Let \(f_{1},f_{2},f_{3},f_{4}:Y\rightarrow Y\) be four maps. If there are two sequences \(\{z_{n}\}\) and \(\{w_{n}\}\) in Y. Then the pairs \((f_{1},f_{3})\) and \((f_{2},f_{4})\) satisfy

  1. (1)

    the common \((E.A)\)-property if

    $$\lim_{n\rightarrow\infty}f_{1}z_{n}=\lim _{n\rightarrow\infty }f_{3}z_{n}=\lim_{n\rightarrow\infty}f_{2}w_{n}= \lim_{n\rightarrow \infty}f_{4}w_{n}=t\in Y; $$
  2. (2)

    the common \((CLR_{f_{3}f_{4}})\)-property if

    $$\lim_{n\rightarrow\infty}f_{1}z_{n}=\lim _{n\rightarrow\infty }f_{3}z_{n}=\lim_{n\rightarrow\infty}f_{2}w_{n}= \lim_{n\rightarrow \infty}f_{4}w_{n}=t\in f_{3}(Y)\cap f_{4}(Y). $$

Note that the \((E.A)\)-property tolerates the condition of closeness of the range of subspaces of the involved mappings. However, the significance of the \((CLR)\)-property reveals that closeness of the range of subspaces is not essential.
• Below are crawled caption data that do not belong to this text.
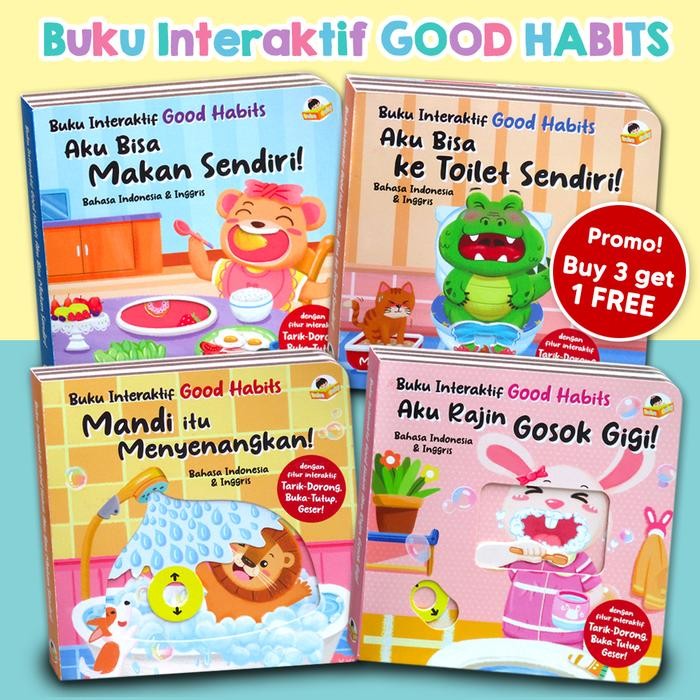 

Buku Interaktif Good Habits dengan fitur Tarik-Dorong, Buka-Tutup, Geser! - Gosok Gigi, Mandi,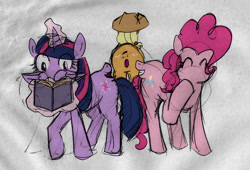 Size: 700x476 | Tagged: safe, artist:crowneprince, imported from derpibooru, applejack, pinkie pie, twilight sparkle, alicorn, pony, behind, book, butt, forced meme, group, meme, mouthbutt, not salmon, plot, reading, talking, twilight sparkle (alicorn), wat, what has science done, wingface, wingmouth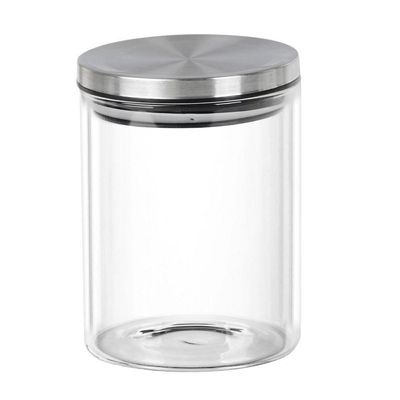 Pote De Vidro Com Tampa Em Inox Redondo 800ml 125x10cm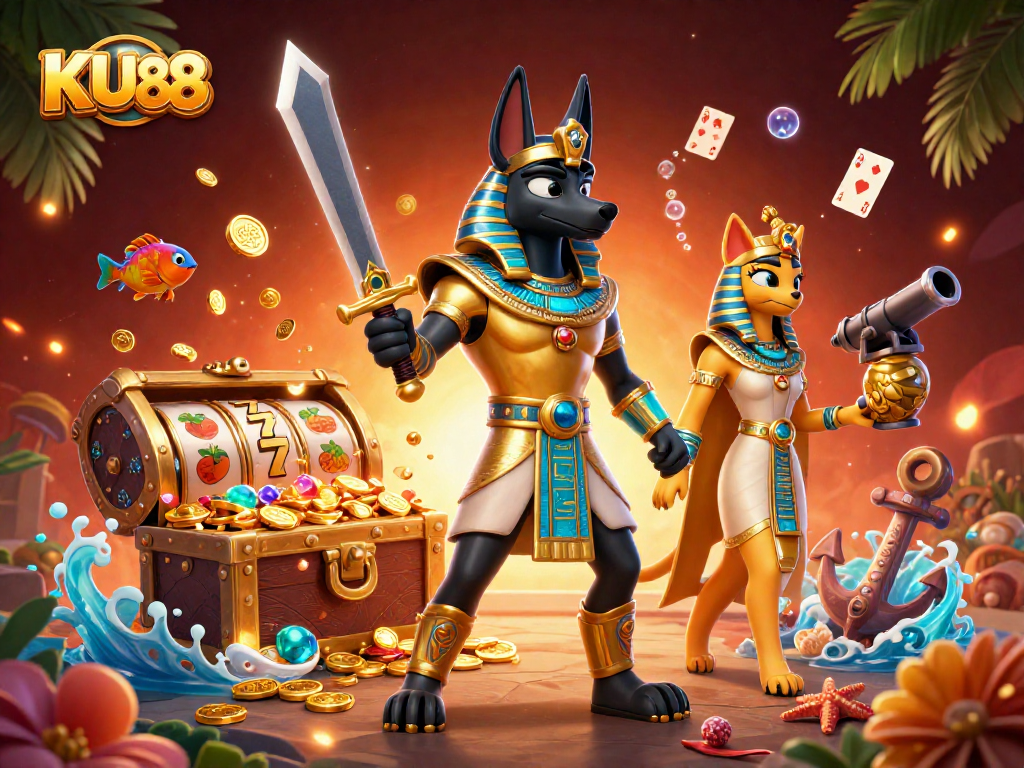 Engage with KU88's vibrant casino world featuring an Anubis warrior and treasure-filled slots.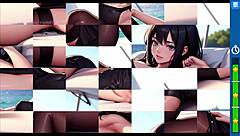 Big-boobed girls in hentai game: puzzle solving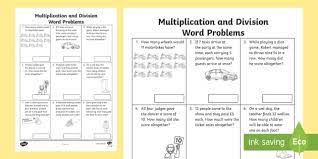 Multiplication and division word problems. Multiplication And Division Word Problems X2 X5 X10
Sarwar and Bahadur Zada [12] established the following common fixed point results.

Theorem 1.3

Let \(f_{1}\), \(f_{2}\), \(f_{3}\), \(f_{4}\), \(f_{5}\), and \(f_{6}\) be six maps on Y such that

  1. (1)

    \(f_{1}(Y)\subseteq f_{4}(Y)\), \(f_{1}(Y)\subseteq f_{5}(Y)\), \(f_{2}(Y)\subseteq f_{3}(Y)\) and \(f_{2}(Y)\subseteq f_{6}(Y)\);

  2. (2)

    for all \(u,v\in Y\) and \(0< k<1\),

    $$\begin{aligned} d(f_{1}u,f_{2}v) \precsim& k \biggl\{ \frac {d(f_{3}u,f_{1}u)d(f_{6}u,f_{1}u)d(f_{3}u,f_{2}v)d(f_{6}u,f_{2}v)}{1+d(f_{3}u,f_{2}v)d(f_{6}u,f_{2}v)+d(f_{4}v,f_{1}u)d(f_{5}v,f_{1}u)} \\ &{}+\frac {d(f_{4}v,f_{2}v)d(f_{5}v,f_{2}v)d(f_{4}v,f_{1}u)d(f_{5}v,f_{1}u)}{1+d(f_{3}u,f_{2}v)d(f_{6}u,f_{2}v)+d(f_{4}v,f_{1}u)d(f_{5}v,f_{1}u)} \biggr\} ; \end{aligned}$$
  3. (3)

    the pairs \((f_{1},f_{3})\), \((f_{2},f_{4})\), \((f_{1},f_{6})\), and \((f_{2},f_{5})\) are weakly compatible;

  4. (4)

    either both the pairs \((f_{1},f_{3})\) and \((f_{1},f_{6})\) satisfies common \((CLR_{f_{1}})\)-property or both the pairs \((f_{2},f_{4})\) and \((f_{2},f_{5})\) satisfies common \((CLR_{f_{2}})\)-property.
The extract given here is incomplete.